Dans une opération conjointe de l'armée, de la police et du Shin Bet, 21 suspects israéliens et palestiniens ont été arrêtés, dont des soldats israéliens

Judah Ari Gross est le correspondant militaire du Times of Israël.

Lors d’une opération conjointe, l’armée, la police et le service de sécurité du Shin Bet ont arrêté 21 personnes suspectées de faire partie d’un réseau de contrebande dans lequel des munitions et des armes ont été volés dans des bases militaires puis revendues sur le marché noir, ont annoncé les forces de l’ordre israéliennes lundi.
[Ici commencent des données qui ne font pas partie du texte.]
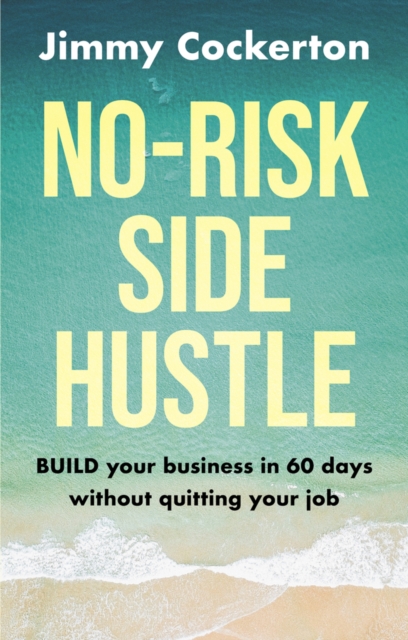 No Risk Side Hustle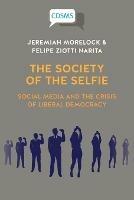 The Society of the Selfie: Social Media and the Crisis of Liberal Democracy - Jeremiah Morelock,Felipe Ziotti Narita - cover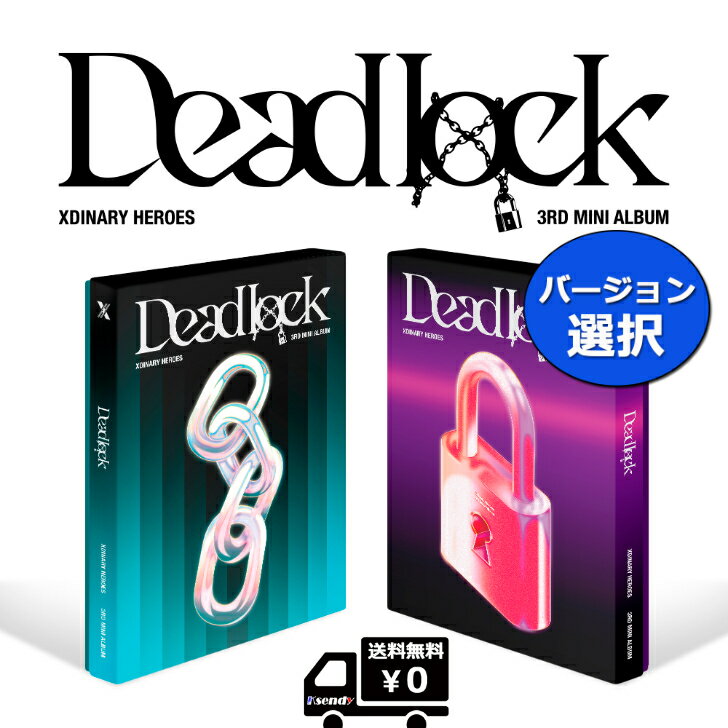 バージョン 選択 Xdinary Heroes MINI 3集 Deadlock 一般盤 送料無料 アルバム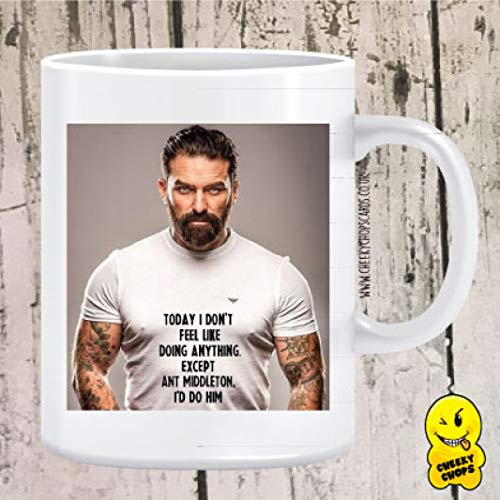Cheeky Chops Tasse – I Would do Ant Middleton – Lustige Neuheit Geburtstag Büro Tasse Getränk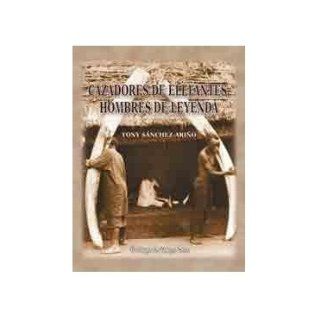 Cazadores De Elefantes, Hombres De Leyenda. Precio En Dolares TONY SANCHEZ ARIO, 1 TOMO 9788493562335 Books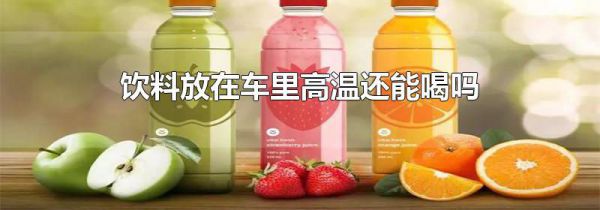 饮料放在车里高温还能喝吗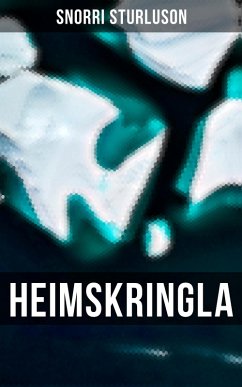 Heimskringla (eBook, ePUB) - Sturluson, Snorri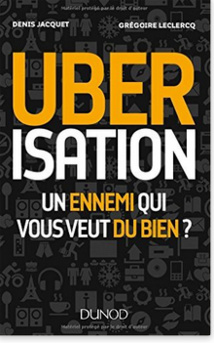 Ce que l'urberisation va changer Ce que l'urberisation va changer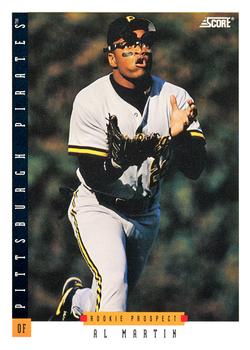 #322 Al Martin - Pittsburgh Pirates - 1993 Score Baseball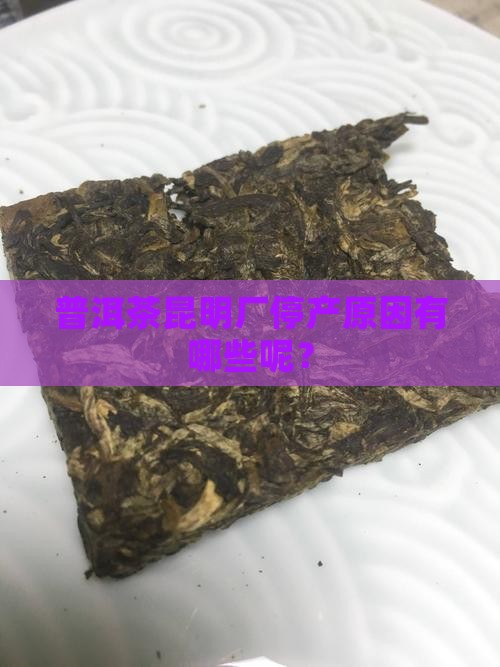 普洱茶昆明厂停产原因有哪些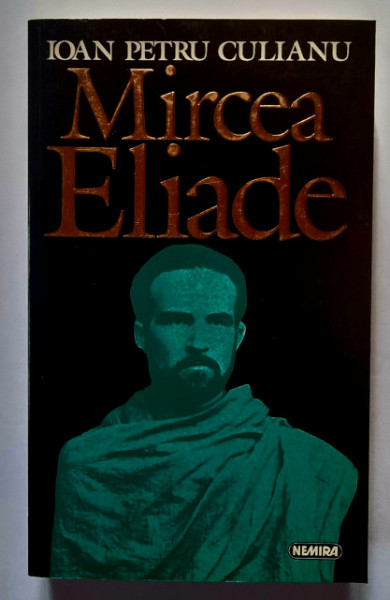 Mircea Eliade by Ioan Petru Culianu, romanian book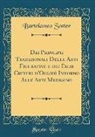 Bartolameo Soster - Dei Principii Tradizionali Delle Arti Figurative e dei Falsi Criteri d'Oggidì Intorno Alle Arti Medesime (Classic Reprint)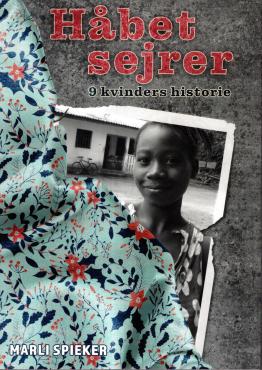 Håbet sejrer - 9 kvinders historie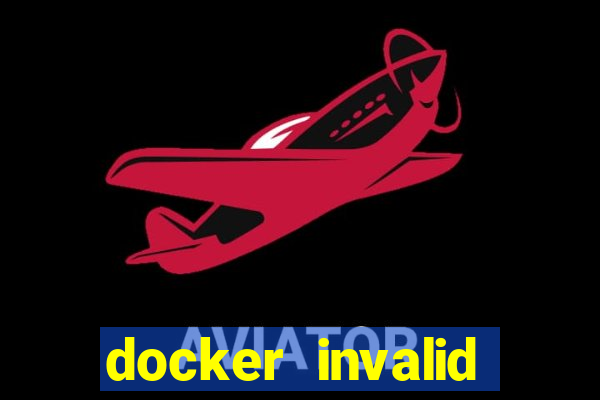 docker invalid reference format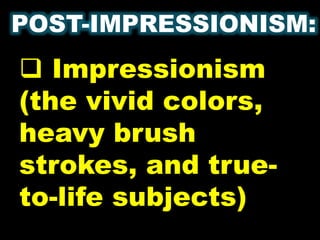 POST-IMPRESSIONISM:
 Impressionism
(the vivid colors,
heavy brush
strokes, and true-
to-life subjects)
Parmi les suspects figurent des soldats, des civils israéliens et des Palestiniens. Certains ont été inculpés lundi, tandis que d’autres ont été maintenus en garde à vue avant d’être inculpés dans un futur proche, a précisé la police.

L’enquête – surnommée « Frères d’armes » – a été conduite par la police israélienne, le Shin Bet et la police militaire, avec le soutien des procureurs militaires et du bureau des procureurs du district du sud.

Comme l’a expliqué la police, l’avancée principale dans l’affaire est intervenue le 19 décembre, quand des officiers de police ont arrêté une voiture à un barrage entre Israël et le sud de la Cisjordanie. Ils ont alors découvert un grand nombre de munitions à l’intérieur du véhicule.

Selon la police, les soldats qui faisaient partie du réseau auraient volé les munitions et les armes dans leurs bases. Comme ils étaient occupaient des fonctions de chauffeurs au sein de Tsahal, ils ont pu facilement faire sortir les marchandises volées et les remettre à leurs complices qui les auraient ensuite vendues à des Palestiniens en Cisjordanie.

« L’enquête a montré que les soldats ont volé une grande quantité de munitions de l’armée et même volé des pièces d’armes pour les remplacer par des pièces contrefaites », a rapporté la police.

Les soldats impliqués dans le réseau ont été inculpés par un tribunal militaire lundi.

Les suspects civils ont déjà été entendus lors d’une audience de pré-inculpation et seront formellement mis en examen dans les prochains jours.